NAIA men's basketball championship
- Formerly: National college basketball tournament (1937–1981)
- Sport: College basketball
- Founded: 1937; 89 years ago
- Founder: James Naismith
- Motto: Passion. Tradition. History.
- Divisions: 1 2 (1992–2020)
- No. of teams: 64 (2022–present) 32 (1992–2020) 48 (2021)
- Venues: Municipal Auditorium (1937–1974, 2002–present) Kemper Arena (1975–1993) Mabee Center (1994–1998) Reynolds Center (1999) Tulsa Convention Center (2000–2001) Montgomery Fieldhouse (1992–1998) Idaho Center (1998–1999) Keeter Gymnasium (2000–2017) Sanford Pentagon (2018–2020)
- Most recent champion: Freed–Hardeman (2nd)
- Most titles: D-I: Oklahoma City (6) D-II: Bethel (IN), Cornerstone, Indiana Wesleyan, and Oregon Tech (3 each)
- Broadcasters: CBS College Sports Network (national) ESPN 3 (national) TWC Sports Channel (Kansas City area) Victory Sports Network (national)
- Related competitions: NAIA women's basketball championship
- Website: naia.org/sports/mbkb

= NAIA men's basketball championship =

College basketball tournament

The NAIA men's basketball national championship has been held annually by the National Association of Intercollegiate Athletics since 1937 to determine the national champion of men's college basketball among its members in the United States and Canada.

The tournament was established by James Naismith to crown a national champion for smaller colleges and universities and has been held every year since, with the exceptions of 1944 (due to World War II) and 2020 (due to the COVID-19 pandemic).

Since 2022, the tournament has featured 64 teams, with teams beginning play at one of sixteen regional sites with the winners of those regionals playing at the final venue.

From 1992 to 2020, the NAIA sponsored two championships, one for its Division I members and another for those in its Division II. The Division I tournament was played in Kansas City, Missouri while the Division II tournament moved locations several times (it finished, in 2020, at the Sanford Pentagon in Sioux Falls, South Dakota). During this time, the NAIA tournaments featured 32 teams with the entire events contested at one location in one week (rather than multiple locations over a series of weekends).

After the 2020 tournaments were cancelled, however, they were merged back into a single tournament, which initially featured 48 teams in 2021 before expanding to 64 teams in 2022.

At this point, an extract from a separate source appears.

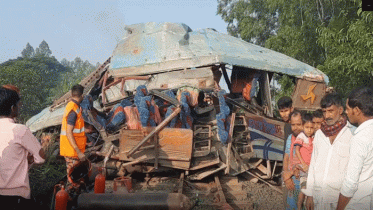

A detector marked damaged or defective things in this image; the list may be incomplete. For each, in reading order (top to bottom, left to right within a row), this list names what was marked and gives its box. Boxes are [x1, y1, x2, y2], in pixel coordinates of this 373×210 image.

All tournament games can be watched online through the official NAIA provider StretchInternet.

Freed–Hardeman are the reigning national champions, winning their second NAIA national title in 2026.

==History==
The Men's Basketball Championship is mostly played at the Municipal Auditorium in Kansas City, Missouri. It has been held in Kansas City every year since the tournament began except from 1994 to 2001, when it was played in Tulsa, Oklahoma, and in 2020, when no tournament was held. Kansas City will continue to host until at least 2024.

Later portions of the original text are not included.